§ Caption-style text data:

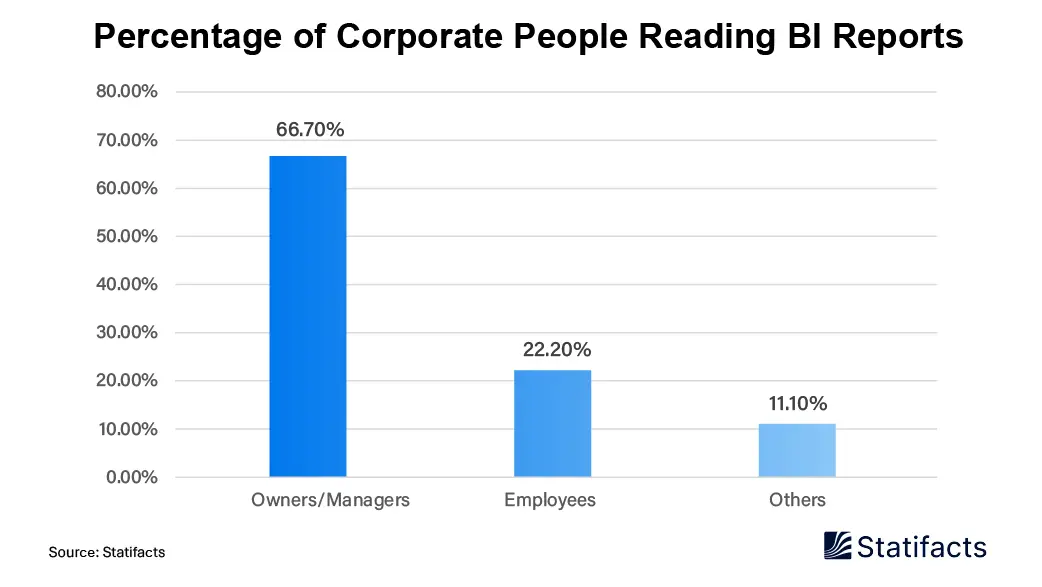 Percentage of Corporate People Reading BI Reports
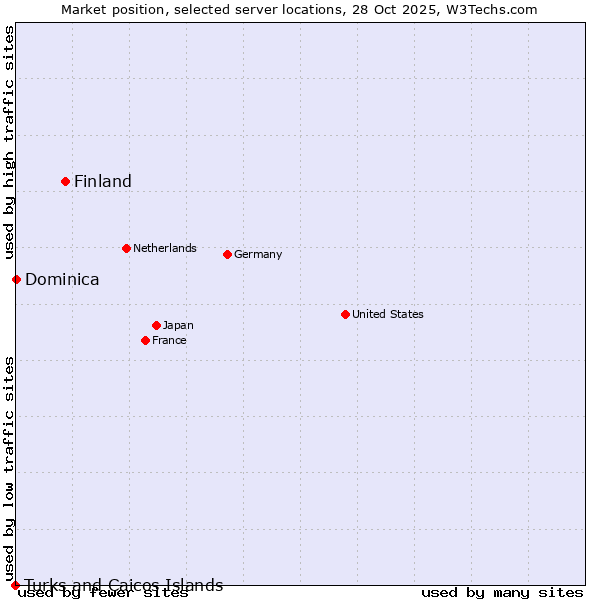 Market position of Finland and territories vs. Dominica vs. Turks and Caicos Islands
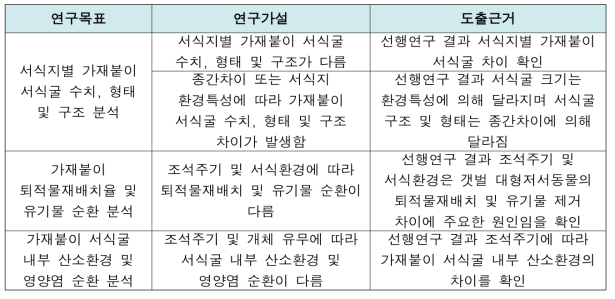 본 연구의 연구가설 및 도출근거 요약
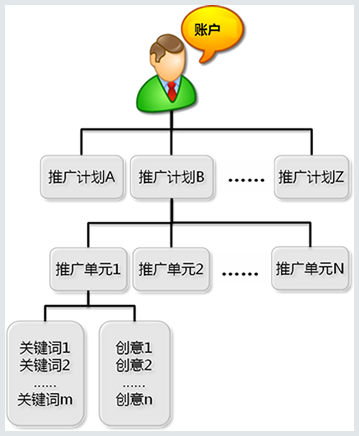 百度竞价账户的一般结构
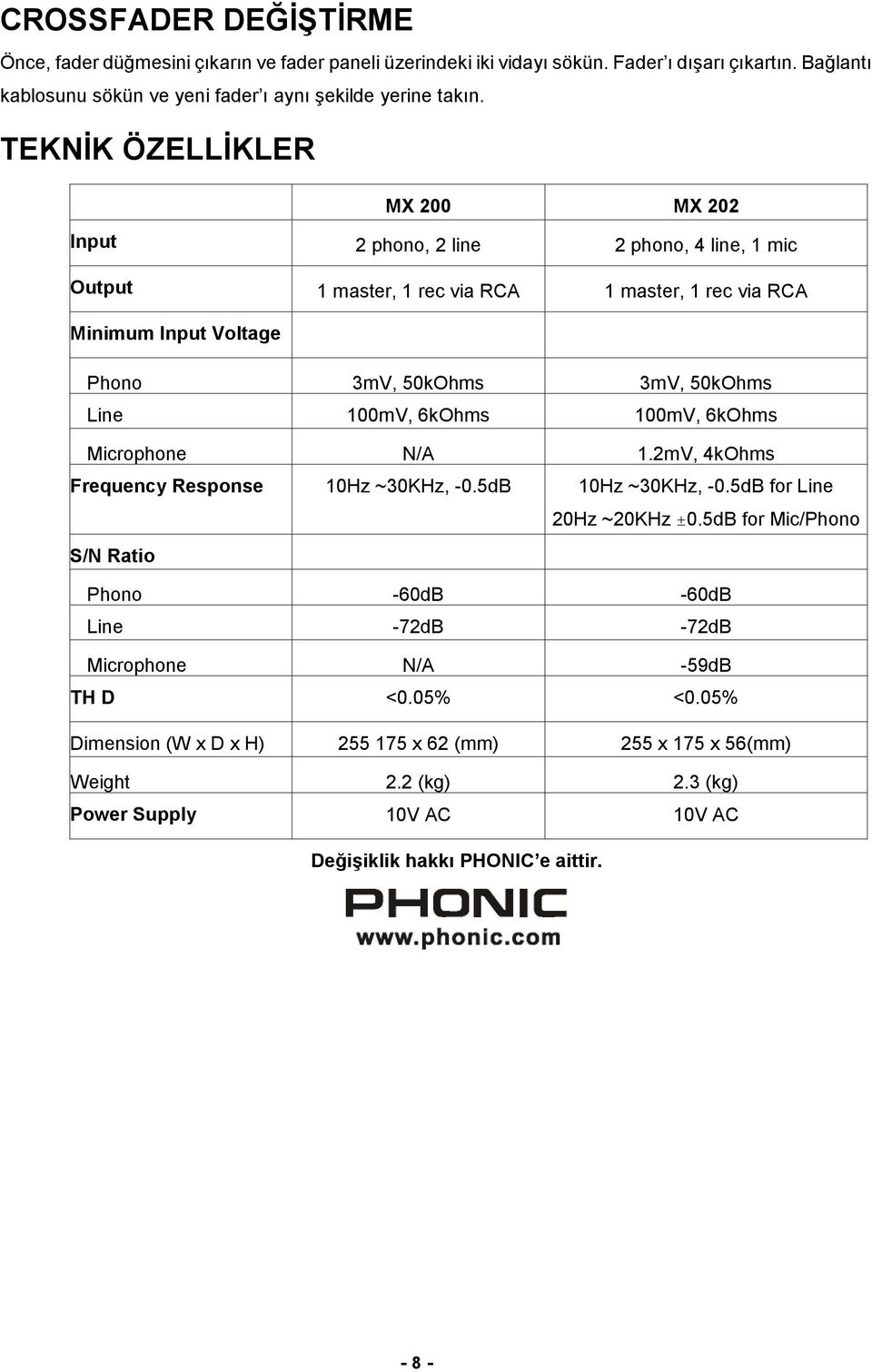 100mV, 6kOhms 100mV, 6kOhms Microphone N/A 1.2mV, 4kOhms Frequency Response 10Hz ~30KHz, -0.5dB 10Hz ~30KHz, -0.5dB for Line 20Hz ~20KHz±0.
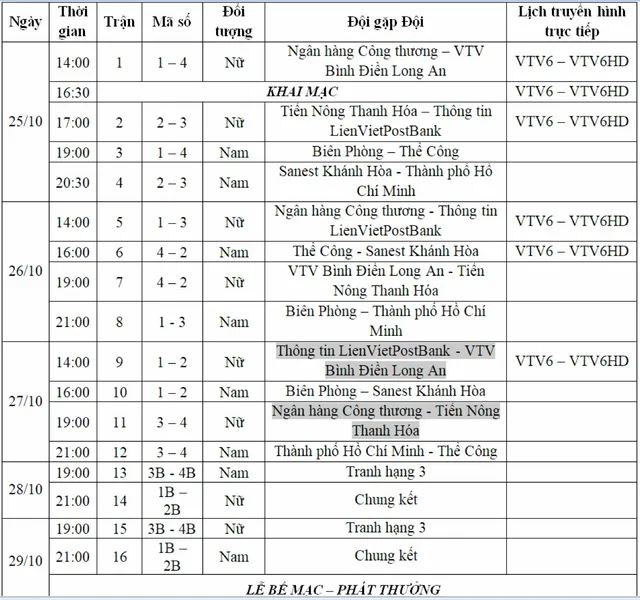 Lịch thi đấu và tường thuật trực tiếp Giải bóng chuyền Siêu cúp Quốc gia 2017 - Ảnh 2.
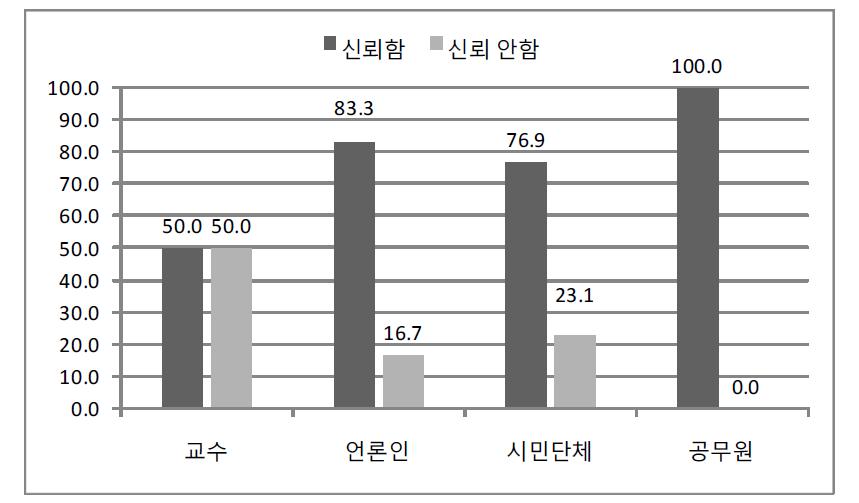 문화정책의 신뢰도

§ Task description: Would you copy out the data exactly, leaving every picture out?

§ Output of the exercise:
 Percentage of Corporate People Reading BI Reports
 Market position of Finland and territories vs. Dominica vs. Turks and Caicos Islands
 본 연구의 연구가설 및 도출근거 요약
 百度竞价账户的一般结构
 100mV, 6kOhms 100mV, 6kOhms Microphone N/A 1.2mV, 4kOhms Frequency Response 10Hz ~30KHz, -0.5dB 10Hz ~30KHz, -0.5dB for Line 20Hz ~20KHz±0.
 Lịch thi đấu và tường thuật trực tiếp Giải bóng chuyền Siêu cúp Quốc gia 2017 - Ảnh 2.
 문화정책의 신뢰도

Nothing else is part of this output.